My rating: 4 of 5 stars
In The Buffalo Job, the fifth effort by Mike Knowles in his Wilson series, Knowles shows he’s not growing soft, or even slightly sympathetic to Wilson, the former mob enforcer who just can’t quite get his life back together. Exhaustion, pain, mayhem and death travel with Wilson. Corpses and battered people litter the way behind him.
Wilson has a weak moment and finishes a job stealing a work of art for some young gangsters after they failed at the same job that he’d planned for them. One was a nephew to an Albanian mob boss, Pyrros Vogli. Vogli decides Wilson is hungry for work and “insists” that he manage a job for him stealing one of the rarest articles in the world, a Stradivarius violin that could soon be out of his reach.

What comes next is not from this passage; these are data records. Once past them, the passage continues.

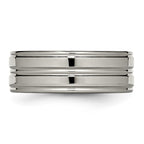 Titanium Polished 8mm Grooved Band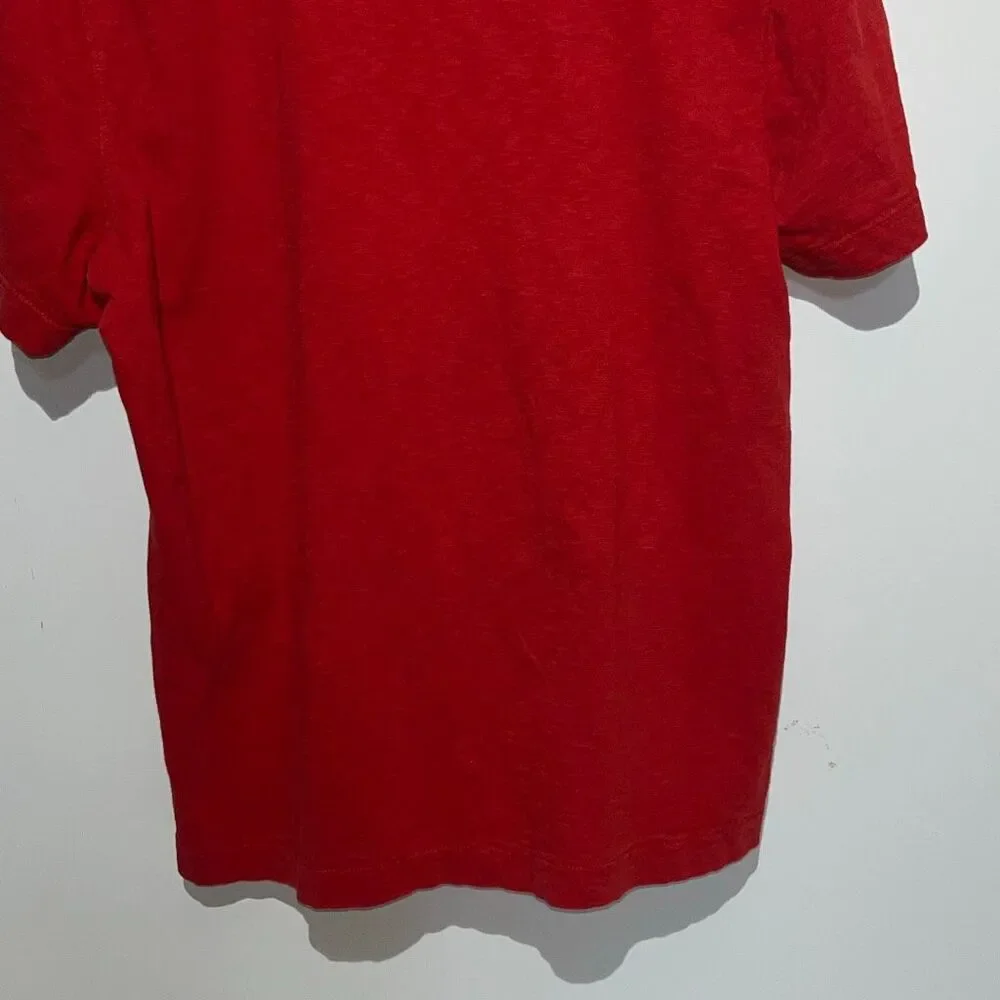 True Religion Men's Red Collared Two Button Short Sleeve Polo Shirt‎ Large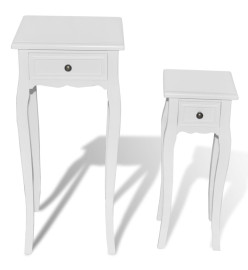 Table gigogne 2 pcs avec tiroir Blanc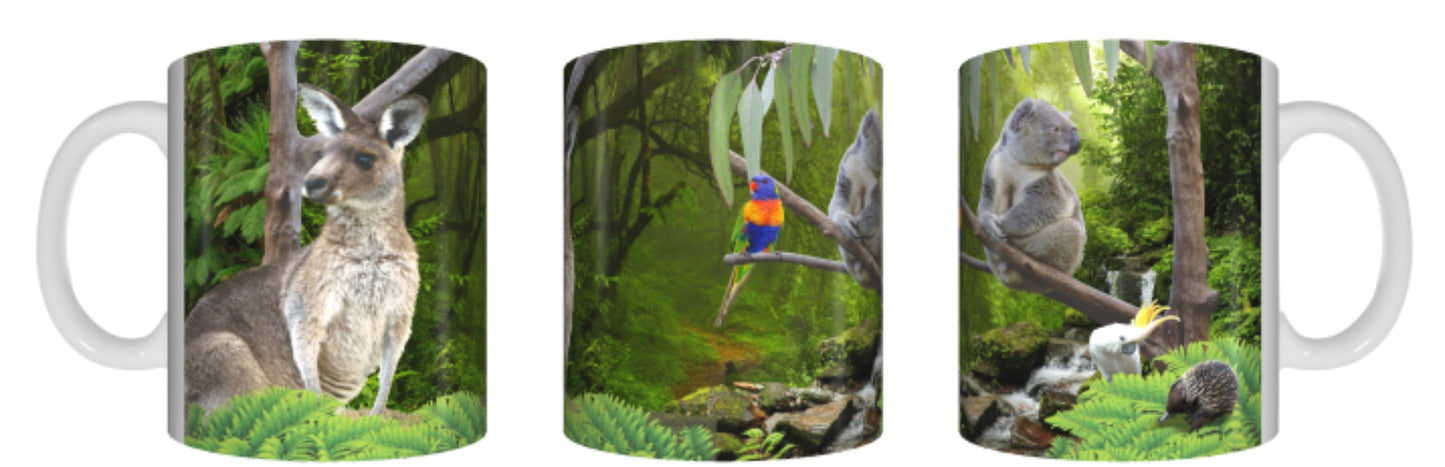 FOREST MONTAGE Mug 325ml Gift Native Aussie Australia Animal Wildlife Birds Koala Kangaroo Cockatoo Echidna - fair-dinkum-gifts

Wilson has to assemble a crew in just a few days, babysit the mobster’s nephew as one of the crew, cross the Canadian/US border to Buffalo, and steal the violin either from a vault or a busy concert hall. While he concerns himself with the loyalty of his thrown-together crew, he also has to worry that the Albanian mob in Buffalo may find out he’s on their turf, or worse maybe trying to steal the violin too. What could go wrong?
Knowles propels his story forward with multi-dimensional characters, terse dialog, spare descriptions and unflinching violence. Scenes crackle with authenticity, as tense moments explode into ferocious action. Wilson is a protagonist who will make you cringe, even as you root for him to succeed.
Knowles has put a Canadian pin on the hardboiled crime fiction map. His dialog is reminiscent of Andrew Vachss, his brutal intensity of Ken Bruen, and his violence-infused plotting of Charlie Huston. Those are three pretty good reasons to read him if you like your crime fiction dark.